> _Task to complete_
Please, without any pictures, set down exactly the part of the listing below that opens with the line containing "- Publicité Pepe" and closes with the line containing "IAN CROSSLAND TEESHIRT".

> _Material to process_

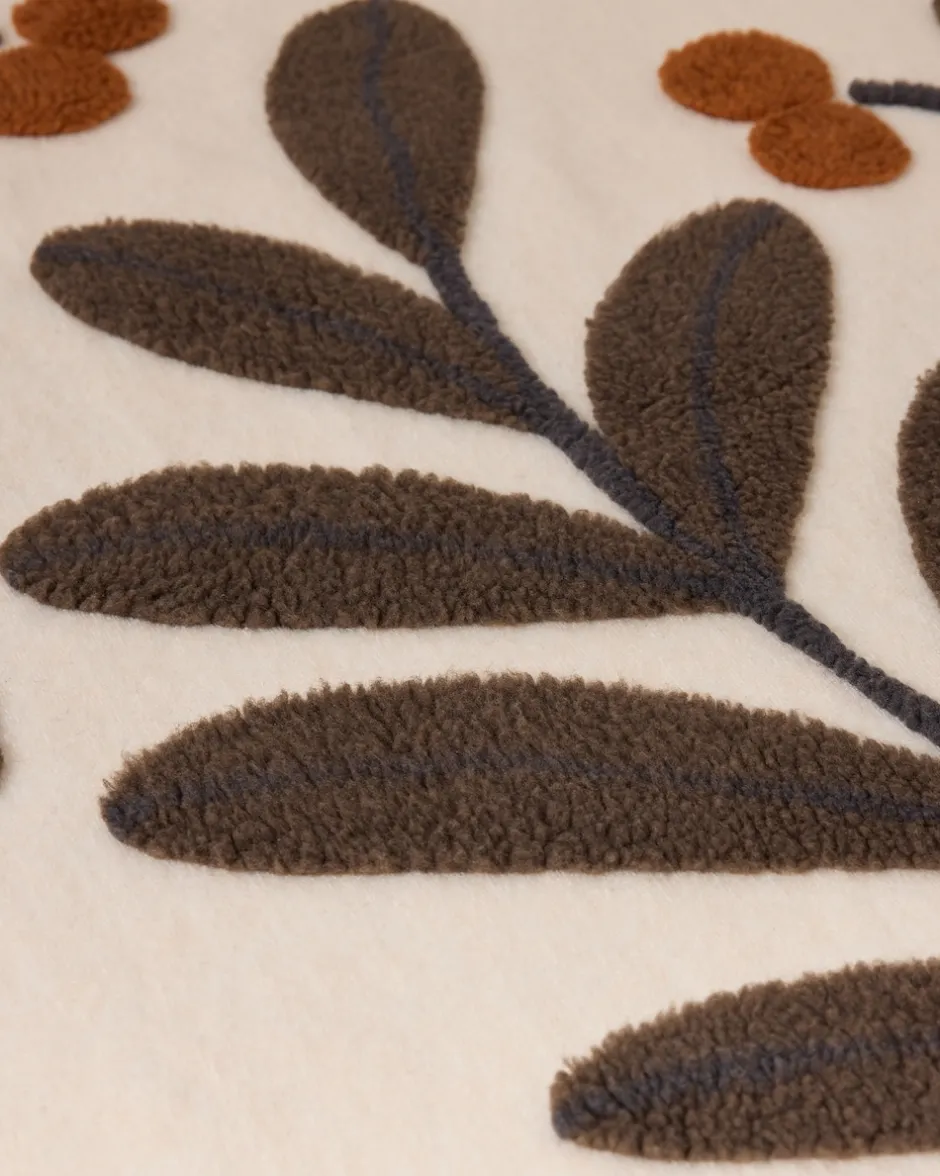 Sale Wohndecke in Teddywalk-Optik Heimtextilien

==

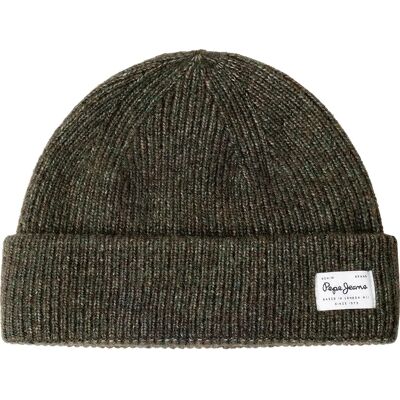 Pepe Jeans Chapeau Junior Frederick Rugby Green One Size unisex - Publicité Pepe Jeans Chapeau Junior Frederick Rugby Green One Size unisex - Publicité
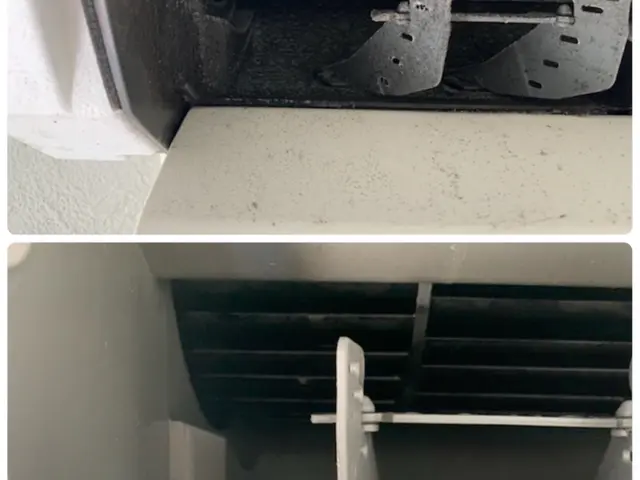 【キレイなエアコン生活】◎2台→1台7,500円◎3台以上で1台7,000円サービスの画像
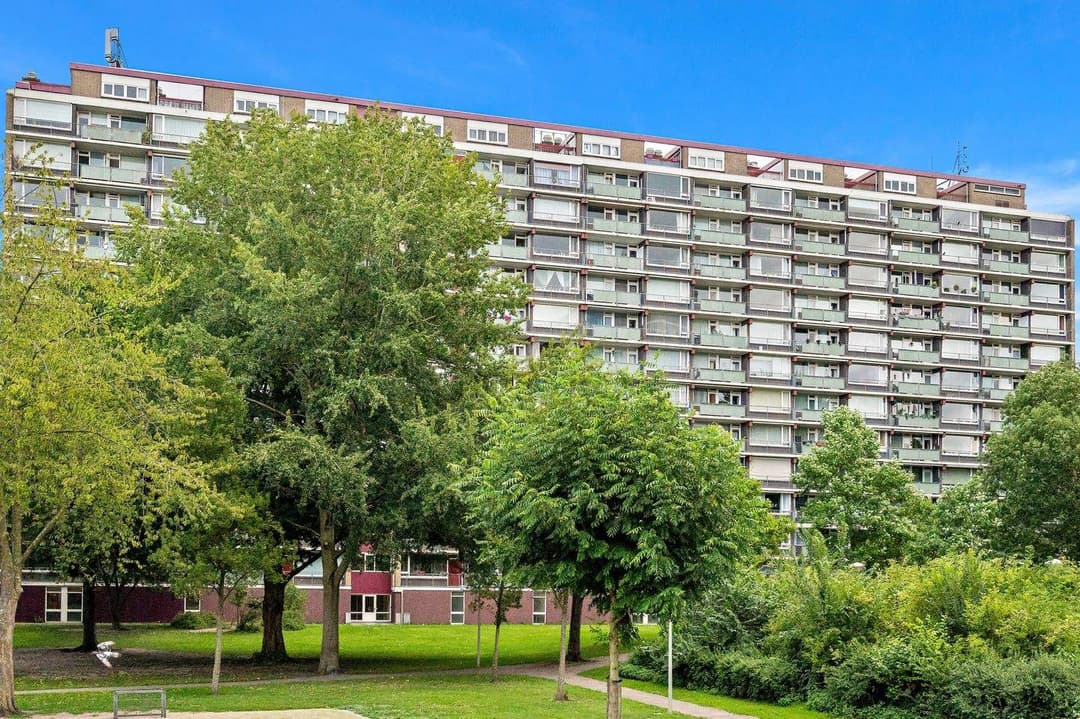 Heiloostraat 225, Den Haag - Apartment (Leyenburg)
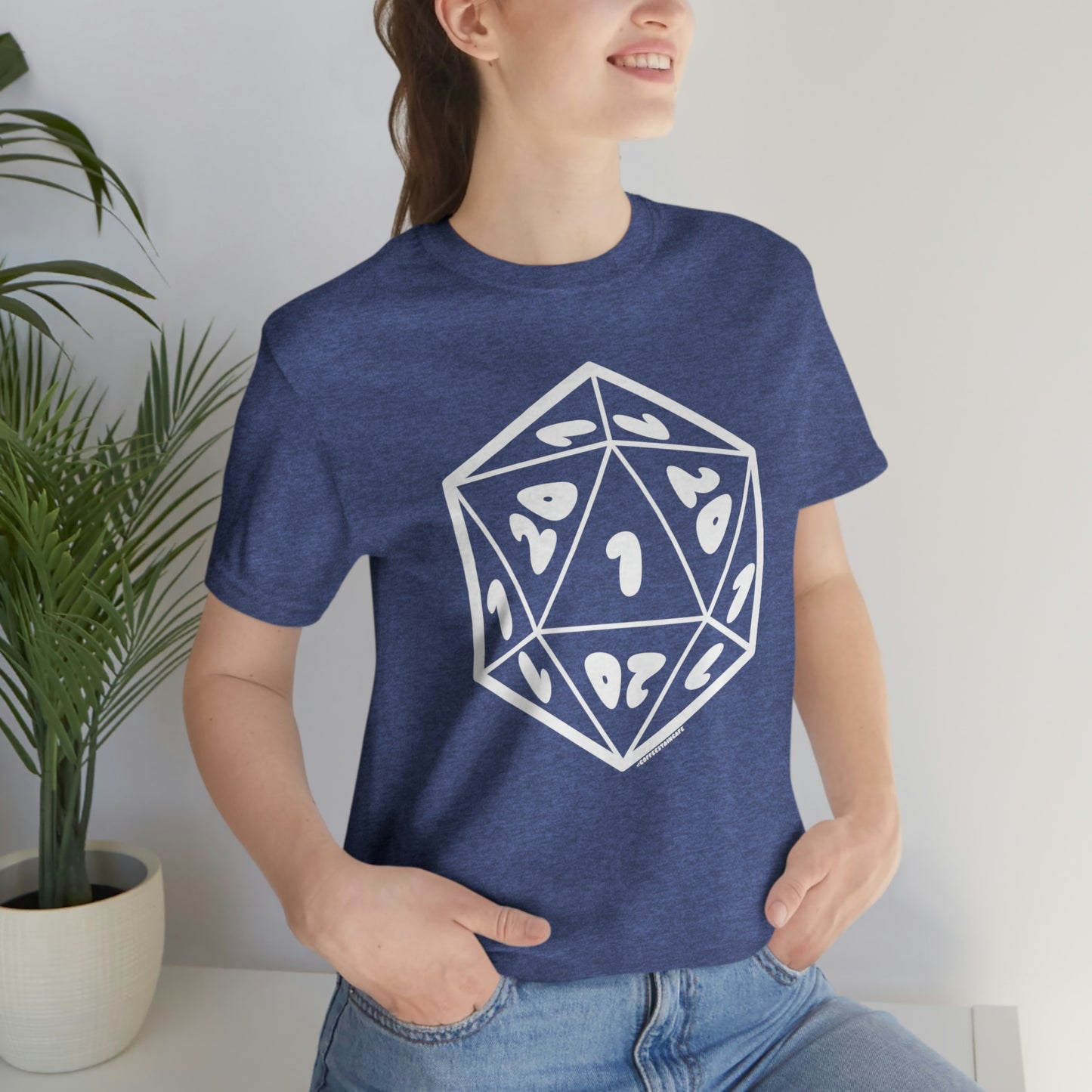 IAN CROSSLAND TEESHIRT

> _Reply to the exercise_
 Pepe Jeans Chapeau Junior Frederick Rugby Green One Size unisex - Publicité Pepe Jeans Chapeau Junior Frederick Rugby Green One Size unisex - Publicité
 【キレイなエアコン生活】◎2台→1台7,500円◎3台以上で1台7,000円サービスの画像
 Heiloostraat 225, Den Haag - Apartment (Leyenburg)
 IAN CROSSLAND TEESHIRT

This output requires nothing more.